Start small in VC, big things will follow (

The growth in the relevance of technology within the transportation sector over the last decade has been nothing short of spectacular. The technology jolts that have run through the industry over the last few years can be focused on two distinct companies – Amazon and Uber. 

In many ways, both these companies grew to define the precincts of the quintessential startup, disrupting the way commerce and mobility was thought of and rewriting traditional power equations with their consumer-first policies and aggressively lean business models. 

The ‘Amazon effect’ as it is widely termed, forced businesses to care more about the customer experience, which meant overhauling of antiquated delivery models and siloed operational processes, leading to a greater use of data to improve efficiency and ushering in transparency across supply chains. 

The Uber business model led to the ‘gig economy’ becoming mainstream, with mobility being increasingly thought of more like a service, than as a purely ownership-based model that was in place for over a century. 


This led to the proliferation of startups in the space. Many are looking to ape the business model and disruption possibilities of Amazon and Uber within specific niches in the transportation space. And with a fertile ground of startups came investments, primarily in the form of venture capital (VC) firms that rushed in to fund the new crop of promising businesses in the market. 

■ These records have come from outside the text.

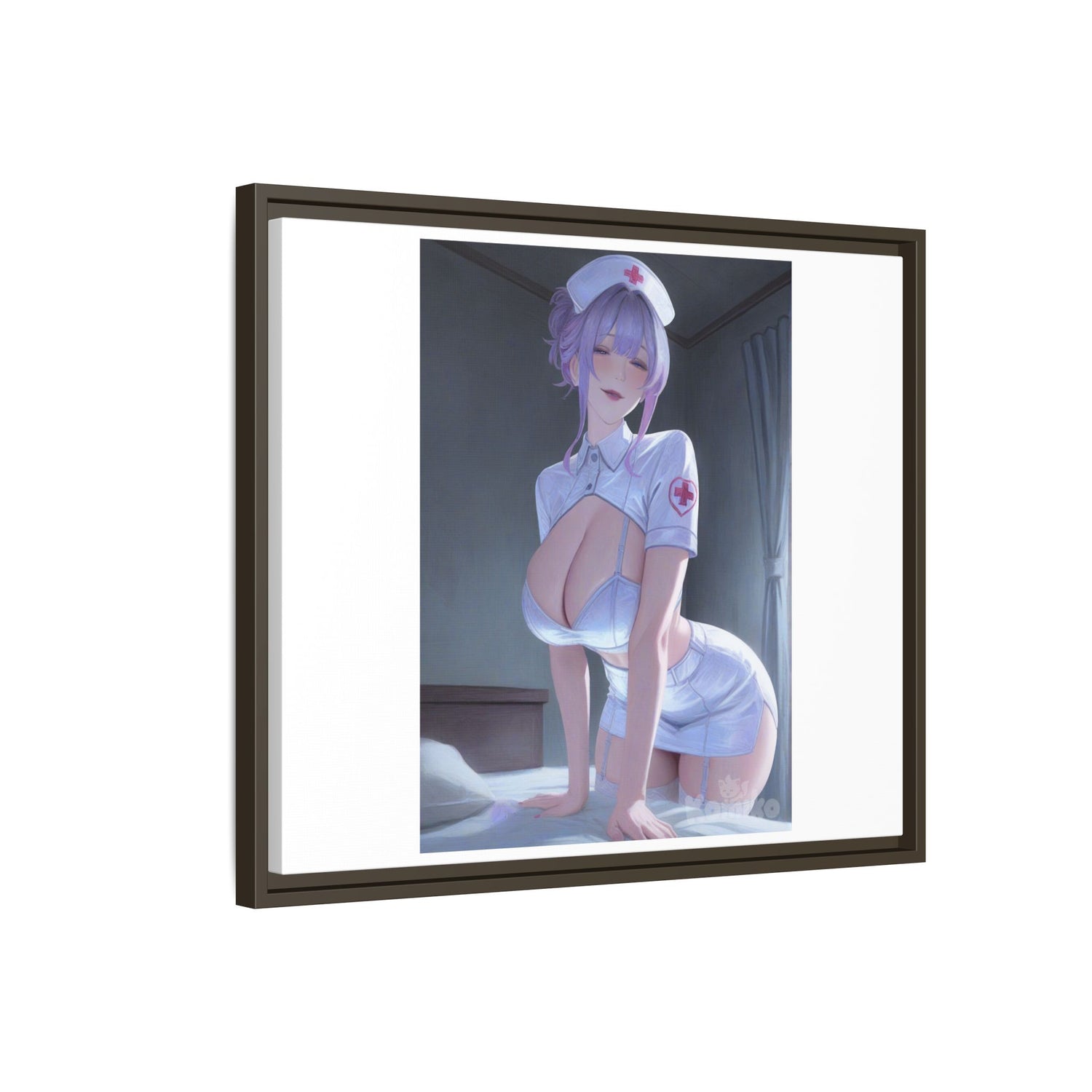 Sexy Anime Nurse Matte Canvas Print (Framed)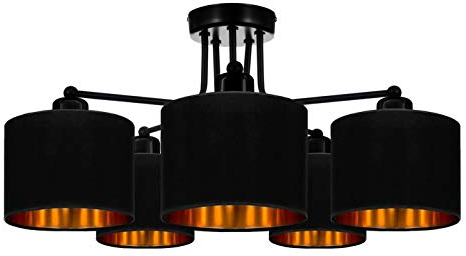 FKL DESIGN Home Deco Deckenlampe Wandlampe Tischlampe Hängelampe Schwarz Grau Dunkelblau Türkis Lampe Leuchte Vintage Modern Designerlauchte aus Serie TAD30-E5 (Schwarz)
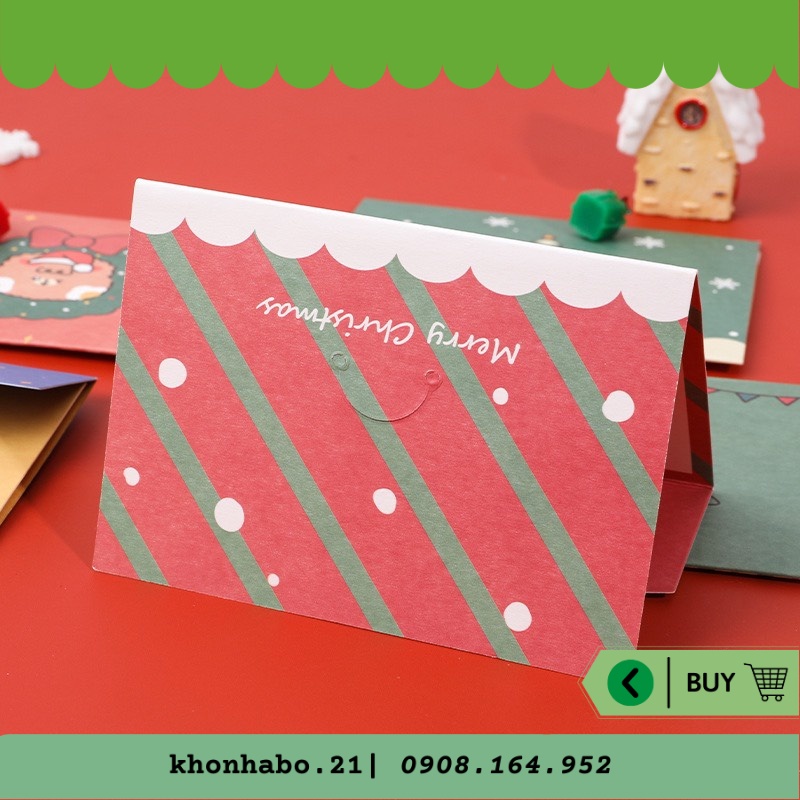 Thiệp Mừng Giáng Sinh Hoạt Hình Gấp Gọn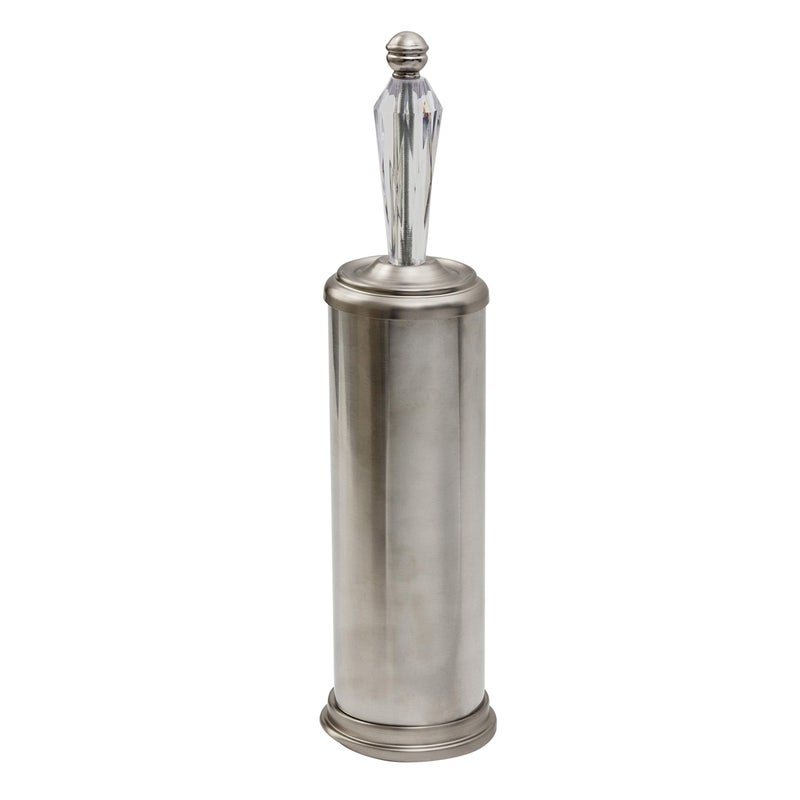 Splash Home Tammy Stainless Steel Toilet Brush with Holder Bowl Scrubber with Durable Cleaning Bristles Hidden Brush with Splash Protective Disc Design  Satin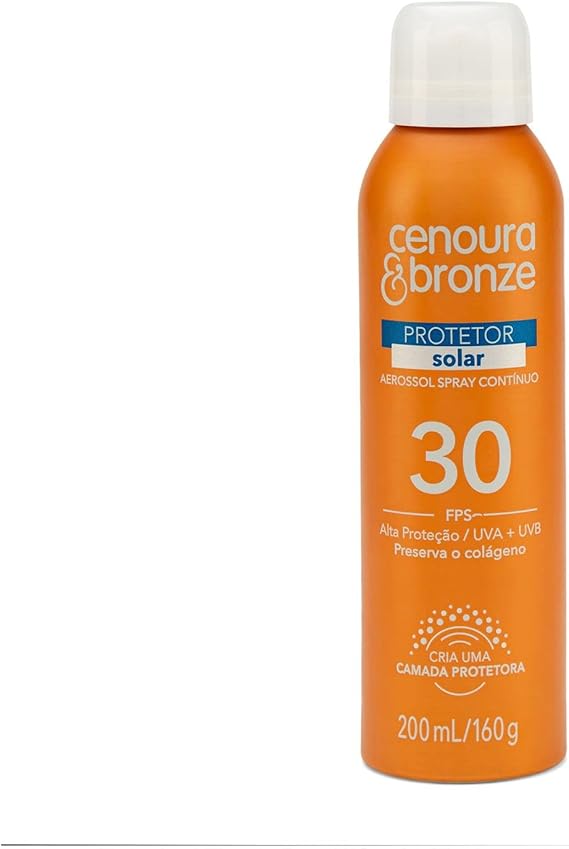 Cenoura e Bronze Protetor Solar Aerossol Cenoura E Bronze Fps30 200Ml Cenoura E Bronze Menor preço em Cenoura e Bronze Protetor Solar Aerossol Cenoura E Bronze Fps30 200Ml Cenoura E Bronze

FreightWaves spoke with venture capital firms Autotech Ventures and Deutsche Bahn Digital Ventures, which invest predominantly in the mobility and logistics space, to understand the funding ecosystem and the promises they see taking shape in the future.

“Mobility has been impacted by many trends over the last few decades. One of them is the rise of mobile phones, which have unlocked multiple opportunities across several dimensions,” said Dan Hoffer, the managing director of Autotech Ventures. “There is a rise in popularity of the theme of ‘access versus ownership’ – it has led to consumers increasingly finding comfort in not owning vehicles and instead simply having access to them. Technology has also led to the rise of an autonomous driving future.”

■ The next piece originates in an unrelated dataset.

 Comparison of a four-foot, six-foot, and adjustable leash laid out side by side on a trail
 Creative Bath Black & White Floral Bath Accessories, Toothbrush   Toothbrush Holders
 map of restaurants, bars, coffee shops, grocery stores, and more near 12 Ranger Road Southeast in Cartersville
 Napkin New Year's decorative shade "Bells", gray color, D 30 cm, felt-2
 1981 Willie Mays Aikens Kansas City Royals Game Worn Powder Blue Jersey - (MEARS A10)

Hoffer spoke about how investment in the space is high, and that “there is so much money available that any number of approaches and business models can and will get funded.” That said, the return on investment (ROI) is usually determined by the niche the financing goes into – say, electric scooters or the Hyperloop. While e-scooter startups can scale up quickly across different markets and look at making a profit, a Hyperloop startup is more cost-intensive and will take at least a few years to start recovering its investment.  


Christian Lowe, a senior investment manager at Deutsche Bahn Digital Ventures, spoke of the conundrum of innovation within the industry – the disconnect between what the market can offer and what the company requires – for instance, in the context of digitalization. 

“On the other hand, startups need to find a viable way to commercialize and monetize their businesses. Autonomous driving companies started a few years ago, stating that they’ll sell to the automakers. But the market and the technology is just not there yet, and so they are now broadening their focus on the customer side and looking to sell not just to the OEMs [original equipment manufacturers] but to Tier 1s as well,” said Lowe. 

As several companies eye the same market niche, there is a real possibility of several mergers and acquisitions between rival companies. For instance, the last-mile food delivery space is witnessing consolidation – especially across Europe – with some going for a merger, while some see investment from bigger logistics firms that want a seat on the table. 

For companies looking to raise funding, Lowe pointed out that investors expect them to understand industry dynamics and be clear about their sales cycle, especially when they work business-to-business (B2B), where sales cycles are predictably drawn out. “If you can show the right traction at the right point of time – whether it is through customer attraction or technology development or commercialization perspective, it must be feasible to raise funding,” said Lowe.